Finding New Purpose

WHEELING — When businesses and organizations move, close down or expand, they leave behind old buildings. Sometimes these structures are left to crumble and stand empty before being demolished by the community to make space for new growth. Other times these buildings can find new purposes as a new business or even apartments.

The former Mt. Carmel Monastery in Woodsdale is one of these structures that has found new purpose. The monastery was originally built by a Wheeling-area architect named Frederick Francis to house the sisters of the Order of the Discalced Carmelites. The first Carmelite sisters arrived in the Wheeling area in 1913, after being invited by Bishop Patrick Donahue of the Wheeling diocese. The Carmelites were an order of nuns who lived in extreme seclusion and piety, according to their faith. The monastery was completed in 1917, and the nuns moved into the new structure, where many would remain for the entirety of their lives. The monastery quickly became the source of much interest in the quiet Woodsdale area. Although essentially closed off from the world, the sisters would still interact with their neighbors in some ways, with stitching, homemade prayer and post cards, as well as publishing their own newspaper. As years went by, things changed for the Carmelite sisters. The Catholic faith itself was reevaluated and changed in the early 1960s, and the sisters of the monastery suddenly had the freedom to wander beyond the walls of the monastery. In the 1970s, the sisters moved out of the structure, joining other Carmelite communities.

The structure was purchased by a private owner in 1974. The building now holds 16 apartments, according to Emily Shortall, a property manager for Harvey Goodman, who rents the apartments. The apartments at Mt. Carmel range from dorm style to one-, two- or three-bedroom apartments. With a range like that, many different people rent the converted apartments, with Shortall noting that there are several local students who rent due to the price and proximity to classes. Shortall said it’s a different experience renting out such a unique structure.

“A lot of the original work is still there.

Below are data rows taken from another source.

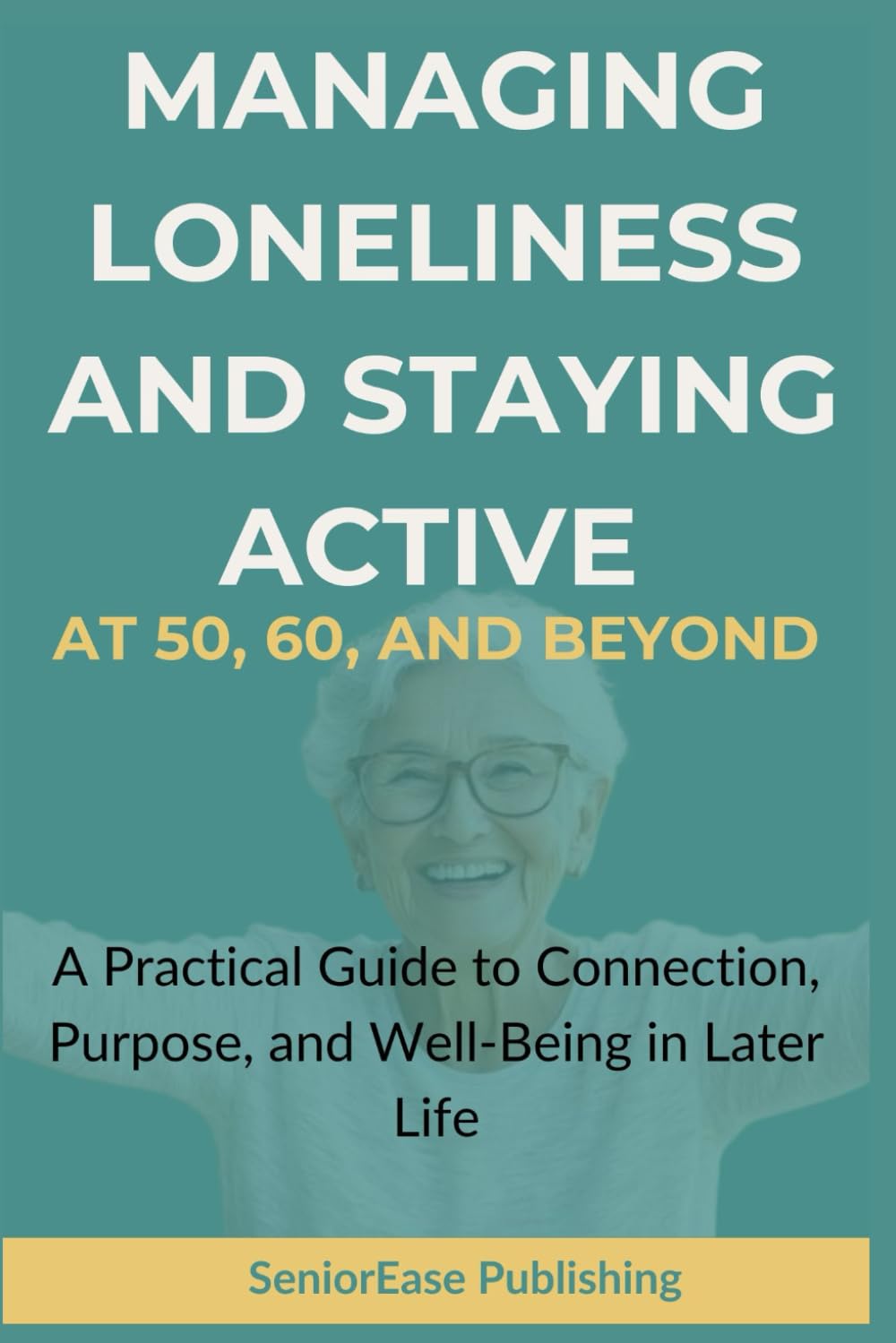 MANAGING LONELINESS And STAYING ACTIVE AT 50, 60, AND BEYOND: A Practical Guide to Connection, Purpose, and Well-Being in Later Life (SeniorEase Essential Guides)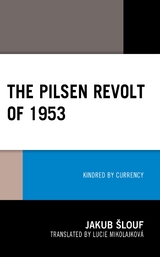 Pilsen Revolt of 1953 -  Jakub Slouf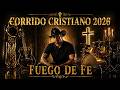🔥 ESTOS CORRIDOS TUMBADOS CRISTIANOS ESTÁN ROMPIENDO | VOL.1🙏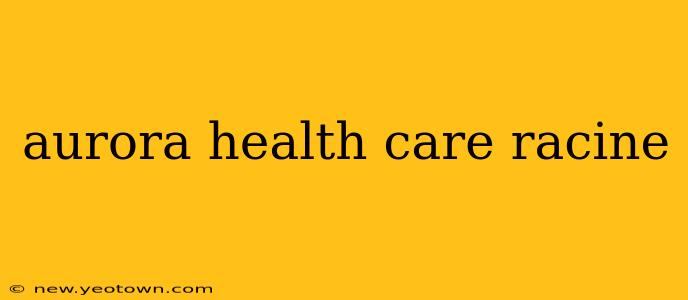 aurora health care racine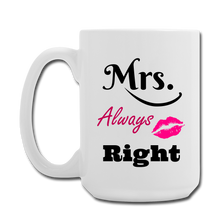 Cargar imagen en el visor de la galería, Mrs Always Right Mug 15 oz - white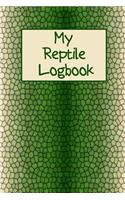 My Reptile Logbook: Logbook Journal Notebook for Reptile and Amphibian Lovers - Gift for Aspiring Herpetologists - Log for Reptile Sightings - Great for Adults and Kids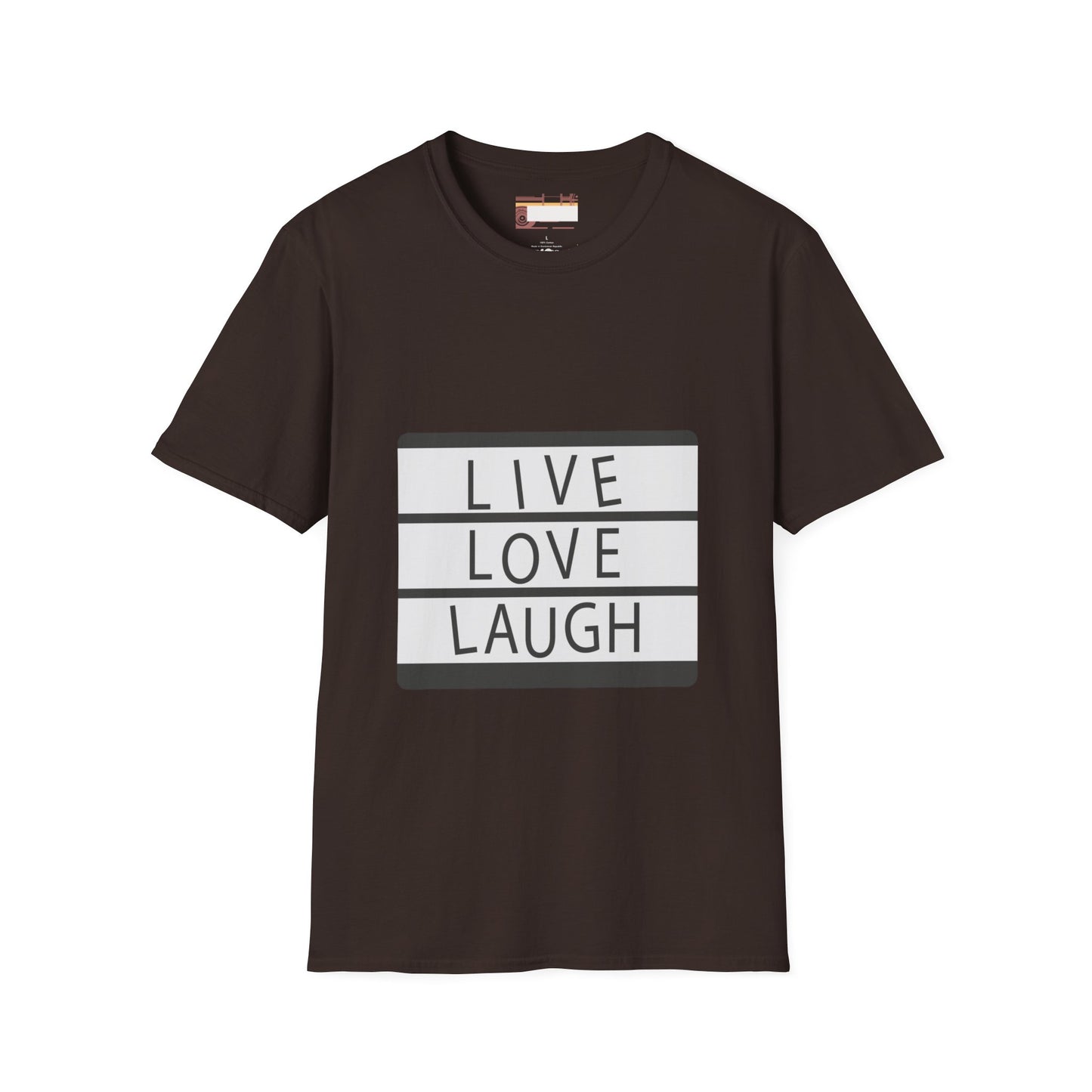 Live Love Laugh Designed Graphic Comfort Unisex T-shirt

It’s really interesting. The property itself is gorgeous with the courtyard and the wall. When people get the back story about the nuns who were buried there, it’s always an interesting conversation,” said Shortall, who was quick to point out that the nuns were long ago moved to other resting places.

In addition to the unique living arrangements at Mt. Carmel, several other old buildings in the local region have been converted to serve as homes. Just outside Barnesville on Sandy Ridge Road, a structure that once was a one-room school house now is a private home. A similar school on Chestnut Level near Belmont was also converted into a residence. The owners of these homes retained some of the original school features, such as old blackboards, and incorporated them into their decor.

Meanwhile on Wheeling Island, residents can purchase snacks, drinks and other coveniences at the Firehouse Drive-Thru. What some people may not know is that the structure actually used to be a functioning firehouse for the Wheeling Fire Department. The building used to house the firefighters of WFD Station 5, as well as their Engine 5. The station was constructed in the 1936 simultaneously with a fire station located on 24th and Eoff streets in Wheeling and was in continuous use by the Wheeling Fire Department until 2007. The station was often a hub of activity when the Ohio River crested its banks, as the station houses the department boat and water rescue equipment. The station even survived being struck by lightning, but eventually the aging structure began to have some issues.  The fire station was  finally decommissioned by the city of Wheeling due to structural issues involving Engine 5.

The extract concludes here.